- Description of the task: From the first line to the last, repeat the data exactly and drop the pictures.

- Data records:
+++++
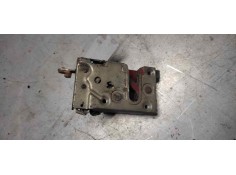Recambio de cerradura puerta trasera izquierda para peugeot 205 berlina 1.1 mito referencia OEM IAM   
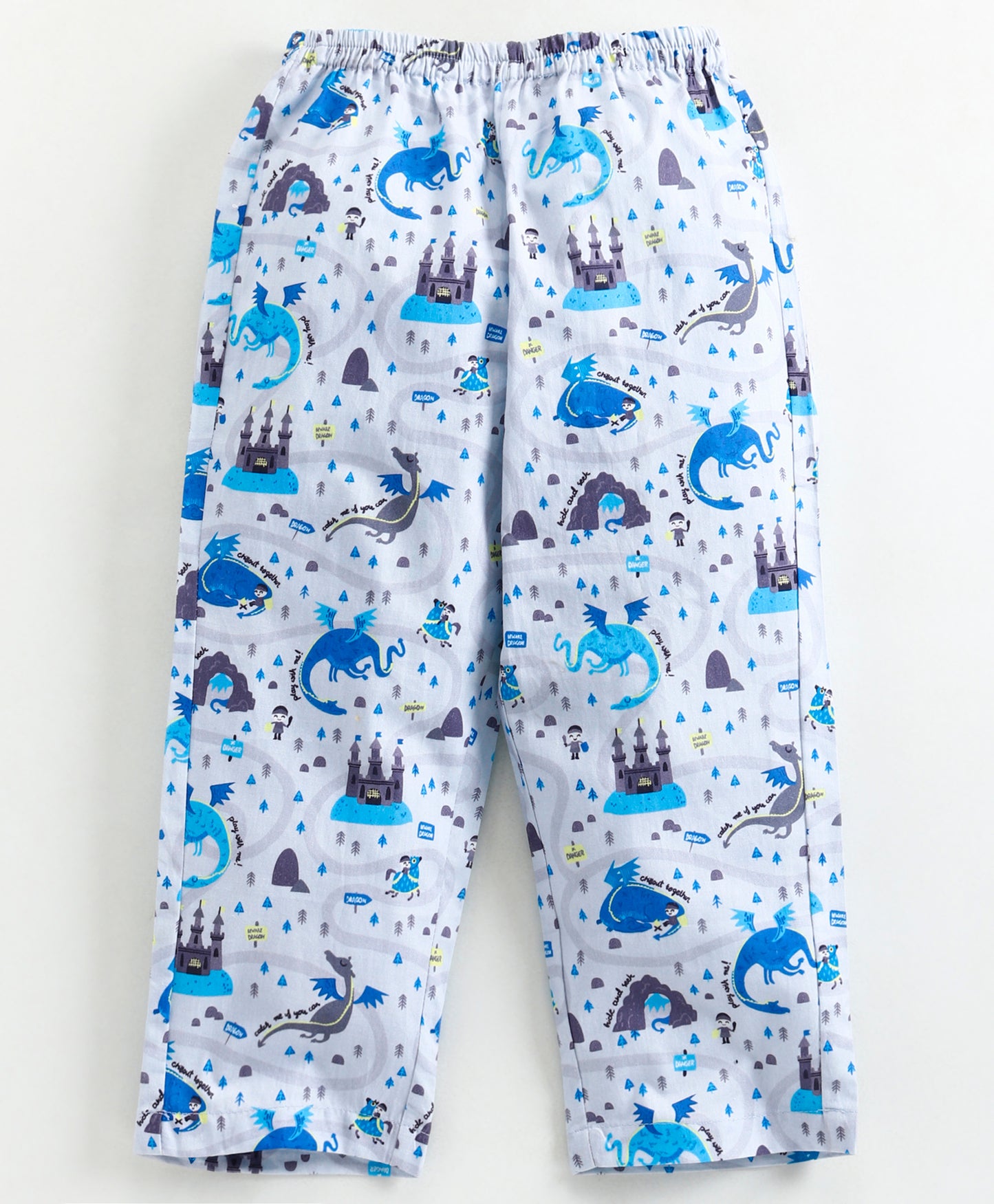 DRAGON AND CASTLE PRINT NIGHTSUIT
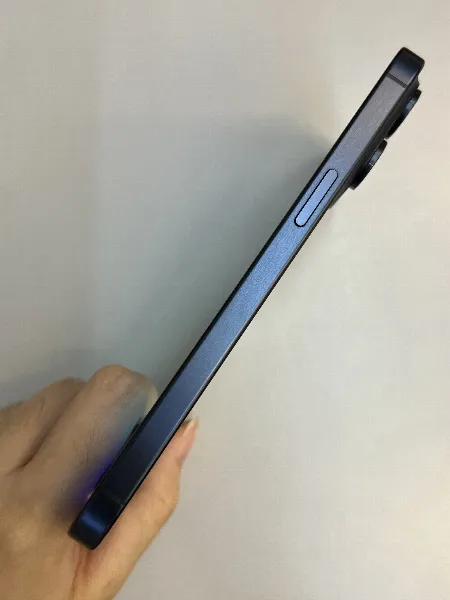 Apple iPhone 15 Pro Max — photo 8 of 10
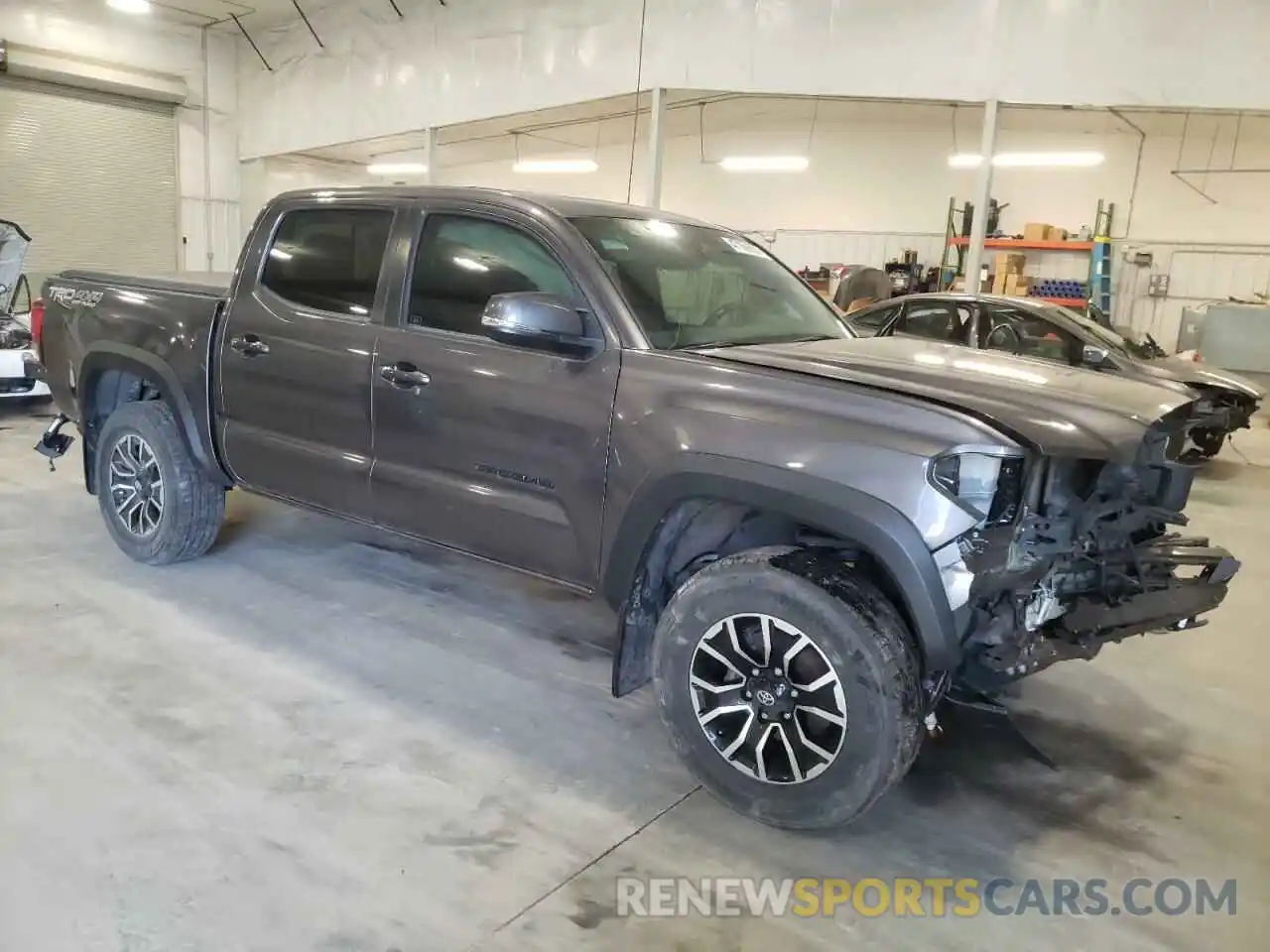 4 Фотография поврежденного автомобиля 5TFCZ5AN4KX177123 TOYOTA TACOMA 2019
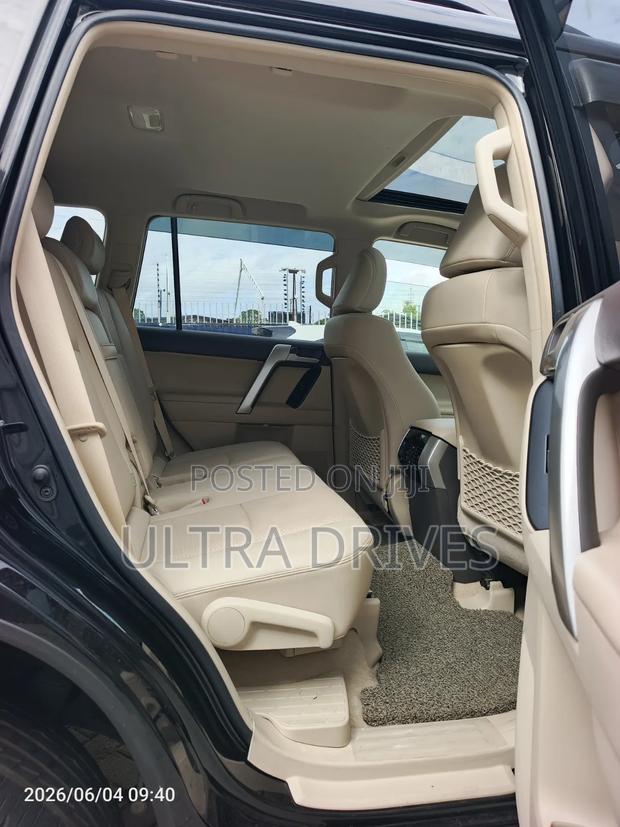 Toyota Land Cruiser Prado 2019 Black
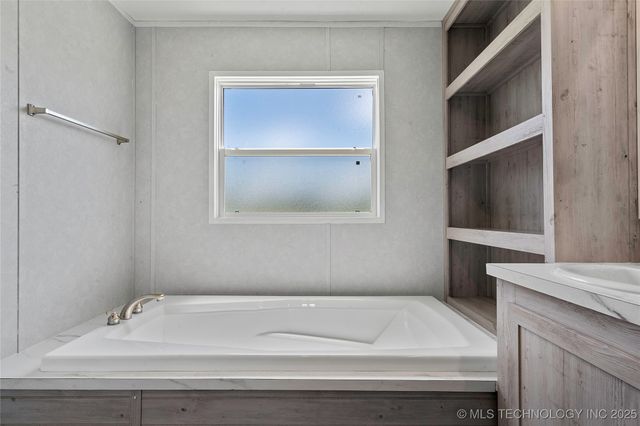 6 Elm Place, Burneyville, OK 73430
+++++
- Response:
Recambio de cerradura puerta trasera izquierda para peugeot 205 berlina 1.1 mito referencia OEM IAM   
 DRAGON AND CASTLE PRINT NIGHTSUIT
 Apple iPhone 15 Pro Max — photo 8 of 10
 4 Фотография поврежденного автомобиля 5TFCZ5AN4KX177123 TOYOTA TACOMA 2019
 Toyota Land Cruiser Prado 2019 Black
 6 Elm Place, Burneyville, OK 73430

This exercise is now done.